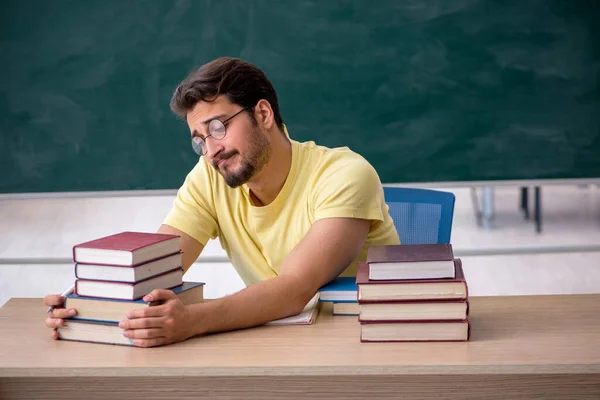 Jonge mannelijke student bereidt zich voor op examens in de klas — Stockfoto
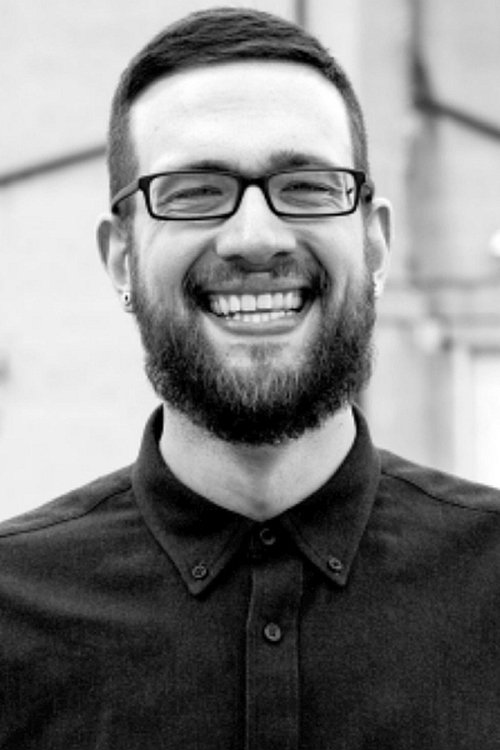 Jay Drakulic as Host of Unresolved Mysteries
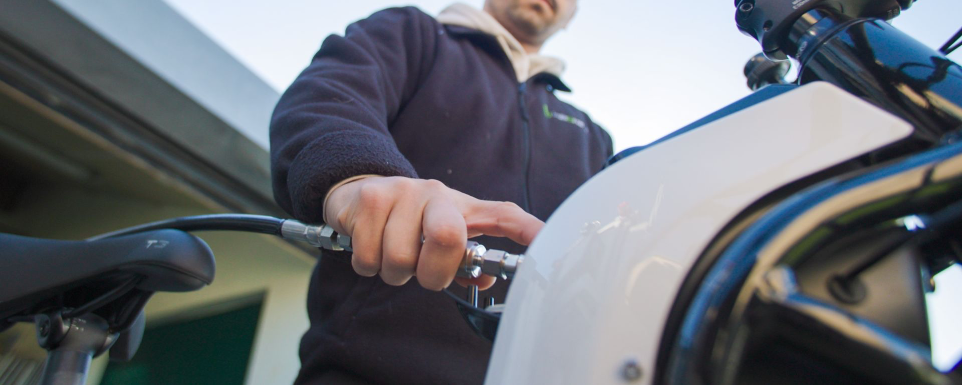 Technicien raccordant un système d’alimentation hydrogène sur vélo électrique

_Work instruction_:
Retype the whole of the data verbatim. Skip every picture.

_Exercise answer_:
 Jonge mannelijke student bereidt zich voor op examens in de klas — Stockfoto
 Jay Drakulic as Host of Unresolved Mysteries
 Technicien raccordant un système d’alimentation hydrogène sur vélo électrique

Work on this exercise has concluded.